Aysa’s face hardened. “Yes, and yes,” she said. “I pray that I won’t have to, but if the Path demands it of me, I will.”

They walked on quietly, borrowed a boat from a Human, and walked back to their balloon, still floating a few dozen yards above the ground. Its ropes hung slack. While they were away, the others had put up a few more tents, and built a campfire. Dinner was being prepared and a divine smell of sweet and sour pork drifted across the island. They sat in a circle round the fire, and ate their first dinner as members of the Alliance, with a surprising amount of noise. Aysa stood up, and tapped her chopsticks on her bowl for attention.

“My companions,” she said, “From this hour forward, we are members of the Alliance. We have new friends, but also new enemies. We know little about our friends, and next to nothing of our enemies. It is said, ‘Know your enemy, and know yourself, and in a hundred battles, you will never be in danger’. Meditate upon this truth before sleep. That which we do not know, will not hurt us.” Aysa frowned. “It will kill us. Therefore, my friends, it will be your duty to go out into these lands, and learn what you can of its people, their hopes, their fears, their strengths, their weaknesses. Then report back to me, and I will make sure that we all drink deep of the knowledge you have gathered.”

Thunderpetal had put away his bowl and chopsticks, and helped clean up the dinner things. He found he could not yet go to sleep, so he might as well take a walk. It would help digestion, help him sleep, and allow him to start finding out about this place. He walked the streets of Stormwind. Lights were on everywhere, and people went about their business as though the Sun had never set. Did the Chiu-man need no sleep? He came to a part of the city that had been destroyed in a great fire, or explosion. Only ruins still remained of what looked like an old barracks , the roof fallen down. The enemies of the Alliance must be strong if they could wreak this kind of destruction.

As he turned round, his ears picked up a strange noise, a low moaning, as of a creature in pain.
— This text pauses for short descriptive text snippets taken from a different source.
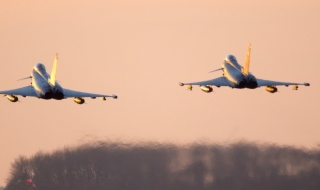 Евакуираха атомни централи. Изтребители вдигнати по тревога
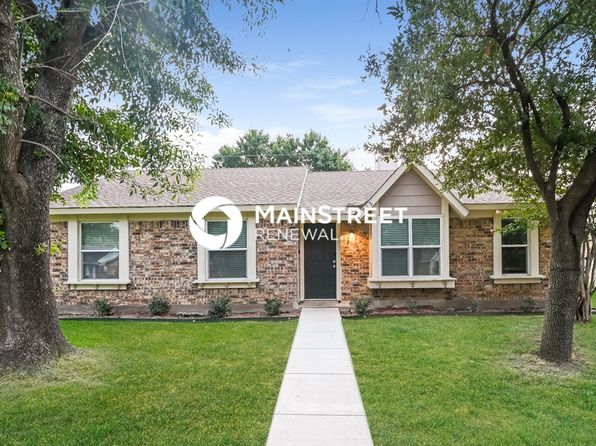 912 Carom Way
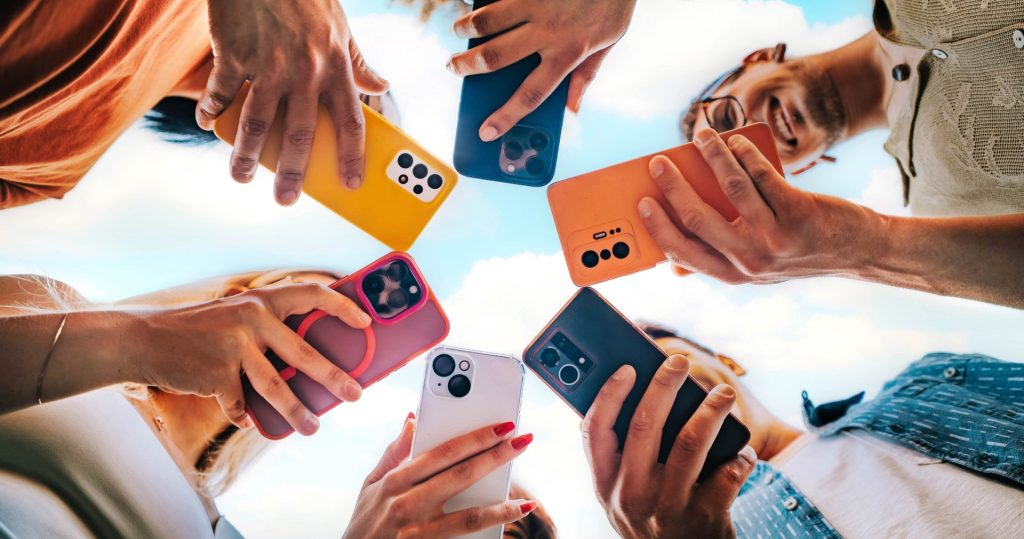 „Podatek od smartfonów” w Polsce od 2026 roku? Minister kultury rozwiewa wątpliwości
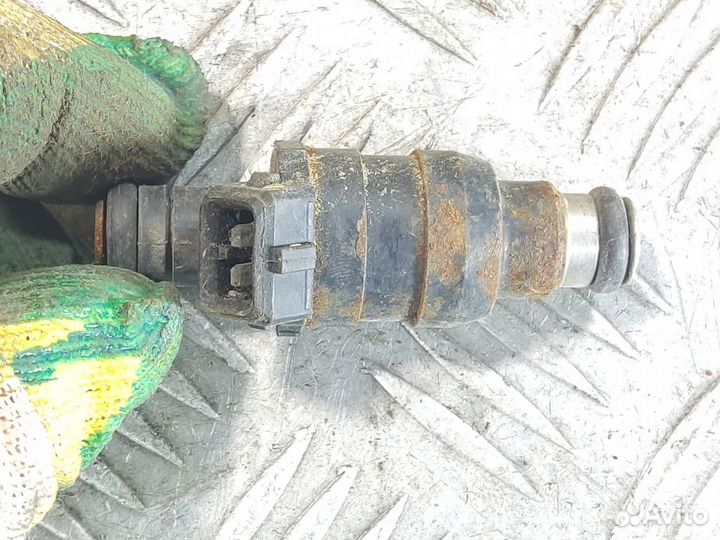 Форсунка двигателя Peugeot 306 1993 2003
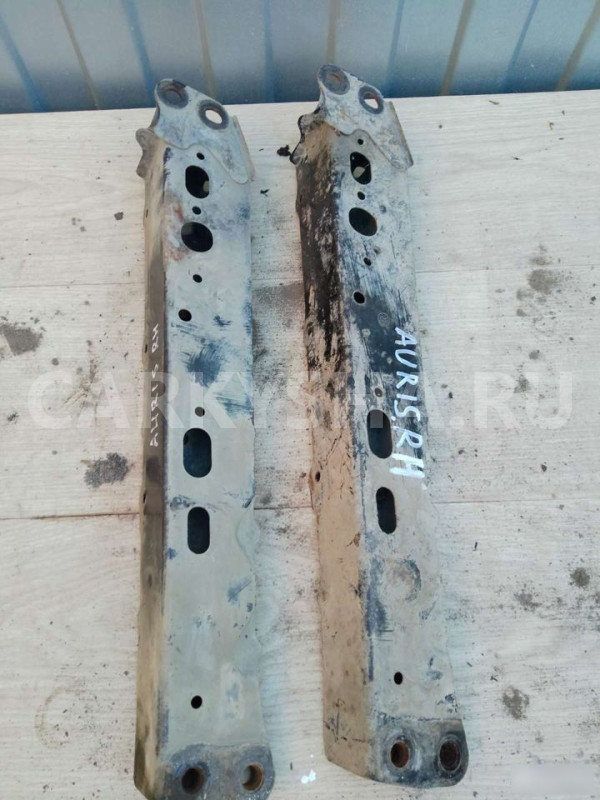 Кронштейн подрамника правый Toyota Corolla Auris Toyota Auris 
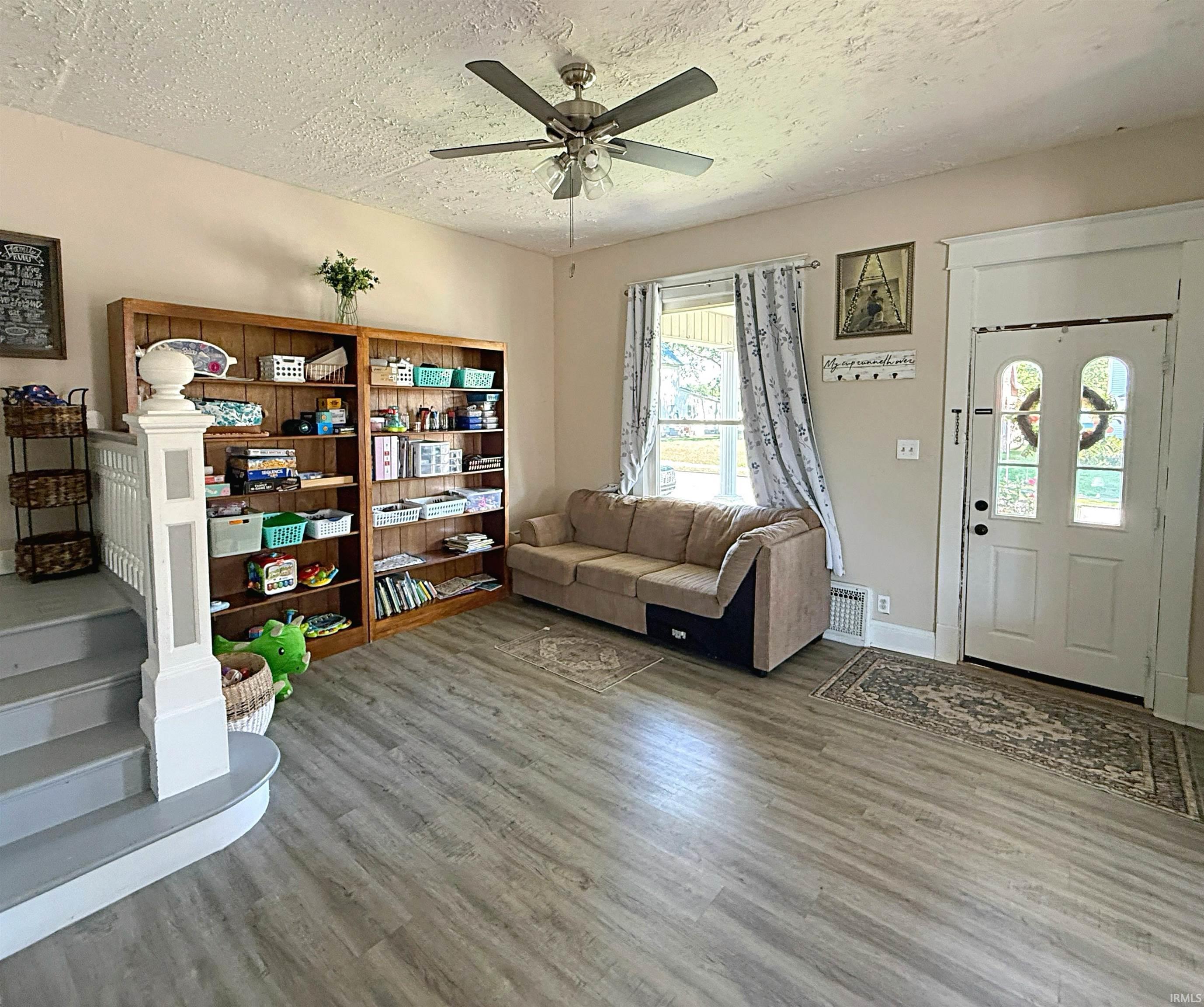 712 West Main Street Washington, IN 47501 - Photo 6 of 31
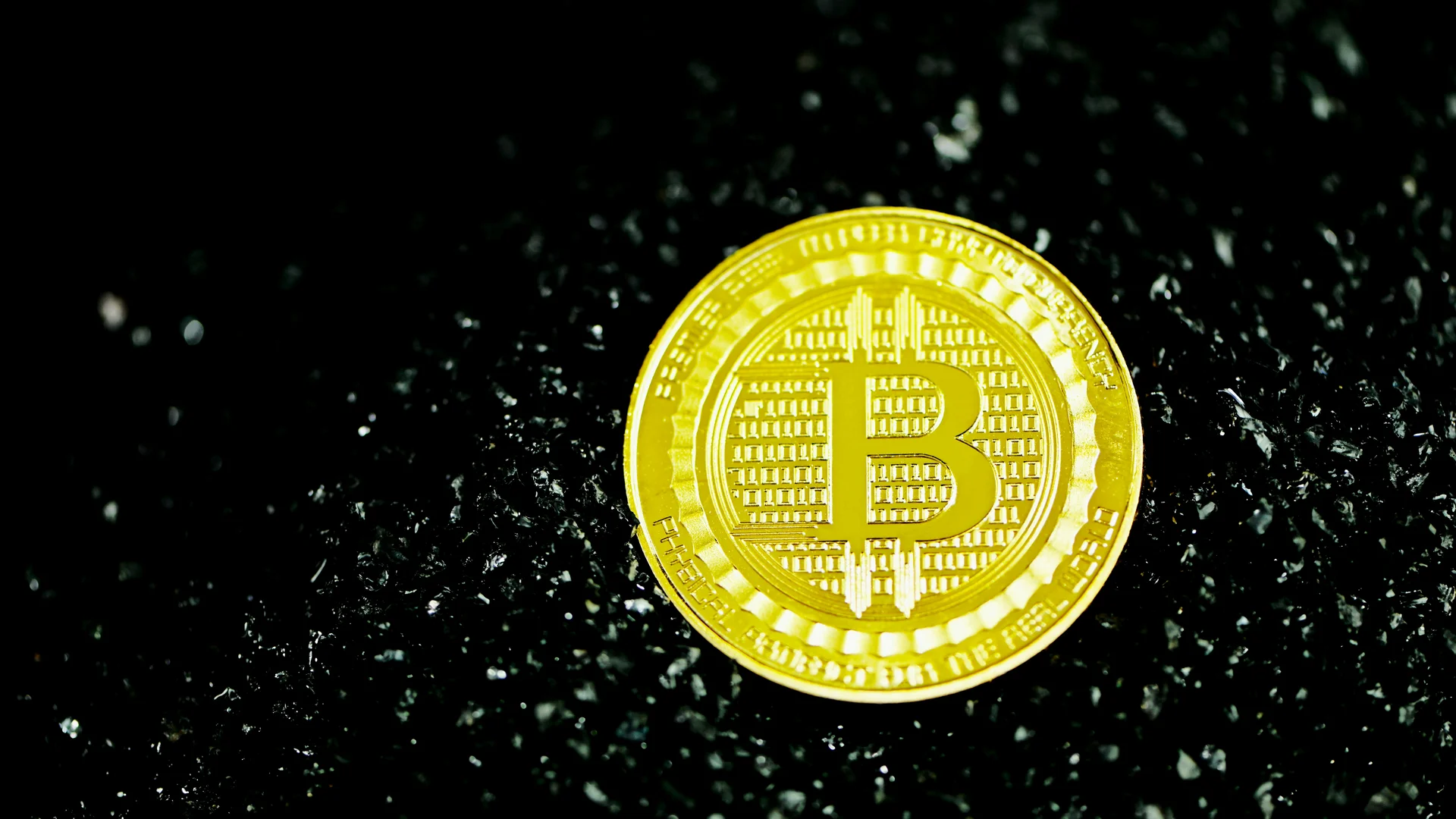 Hut 8 American Bitcoin subsidiary illustration for American Bitcoin Energizes 11,298 New Miners at Drumheller, Hashrate Hits 25 EH/s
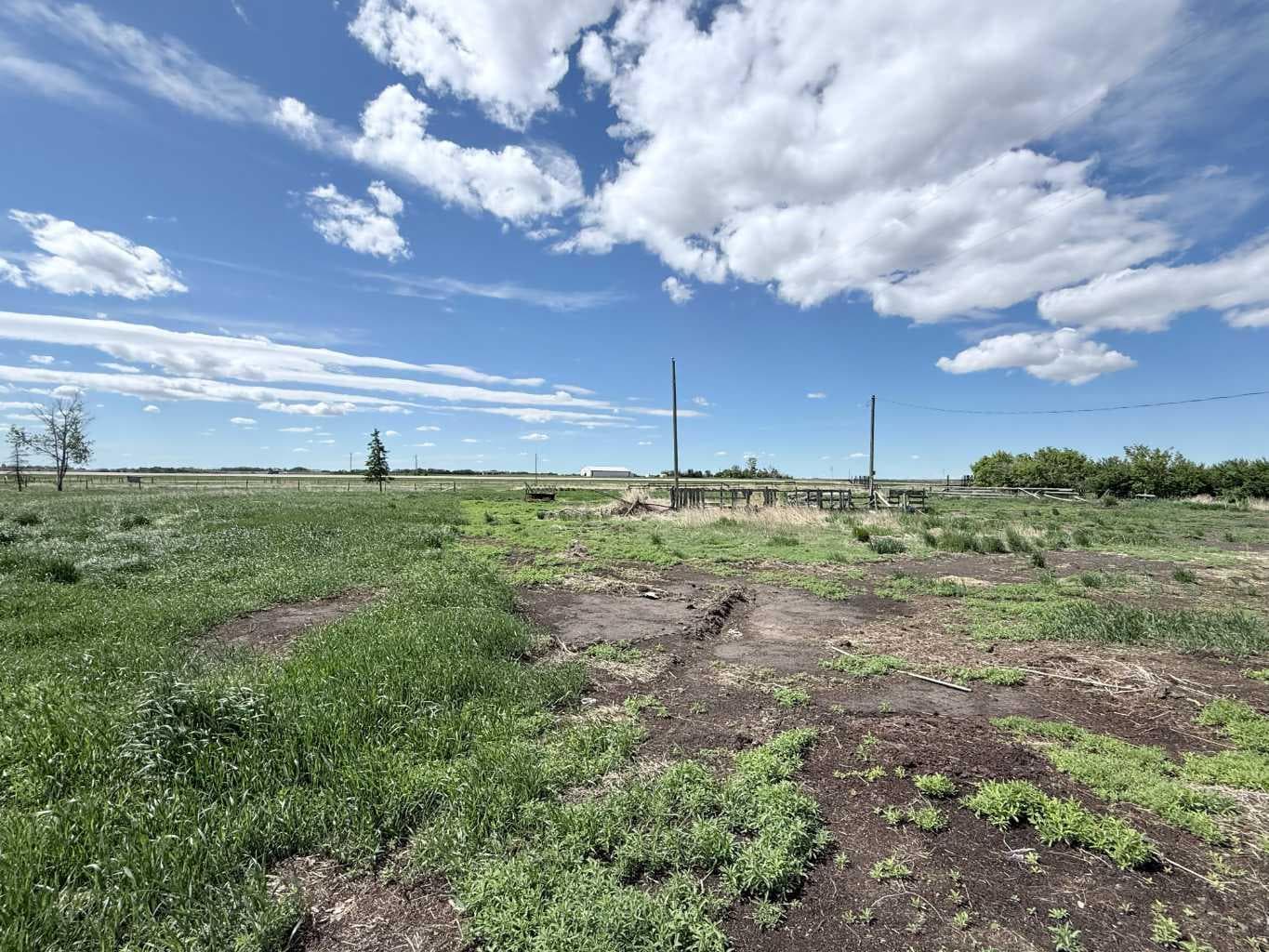 263080 Township Road 270A  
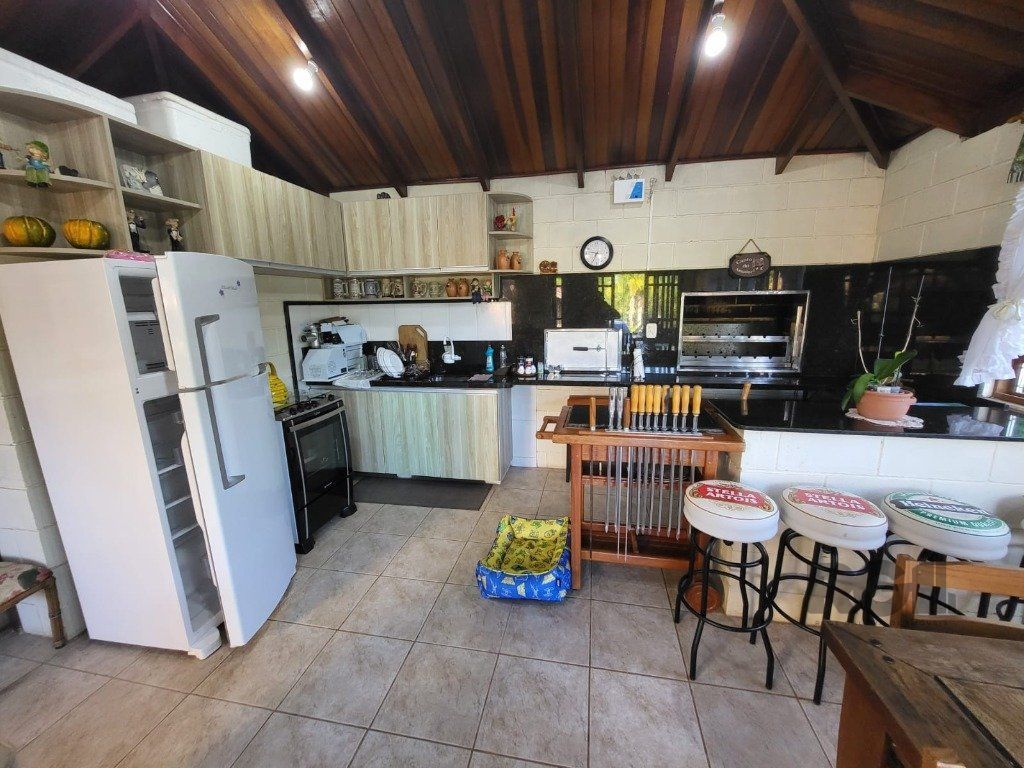 Casa de Condomínio à venda com 4 quartos, 231m² - Foto 2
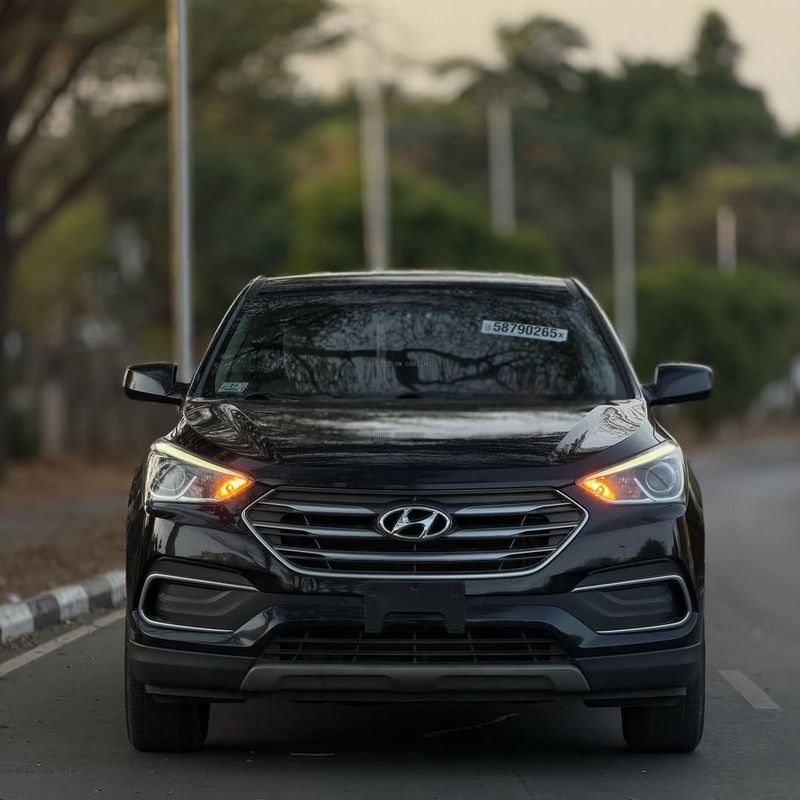Hyundai Santa Fe 2018 Foreign Used 🔥 Full Option, Smooth Ride image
Thunderpetal pointed his ears forward, straining himself to see where the noise came from. Then, in the last light of the evening, he saw it: a lighter spot in the shadows of the old barracks. He jumped down a small hill and walked to the place where a woman of the Chiu-man lay on the ground. Her clothes were torn open, but Thunderpetal could see no wounds on her half-bare chest, nor on her legs, as far as he could see, which was about half-way up her thighs. He opened his mouth to ask if the woman was alright, but even if she could understand Pandaren, it would be a stupid question. He walked up to the woman and kneeled by her, looking at her carefully. Her face, pale and hairless, looked dirty, but unhurt. Soft painful noises came from her lips.

“Help me…”

Her eyelids fluttered, and she turned her face up to Thunderpetal. As she saw him, her eyes opened wide. Her chest rose suddenly with her breath, and she screamed loudly, pushed herself up on her arms and legs and skittered backwards, away from him. Thunderpetal frowned. How could this Chiu-man have recovered so quickly? He did not have long to think about that. There was a loud snap, a sudden pain in the back of his head, and then the lights went out.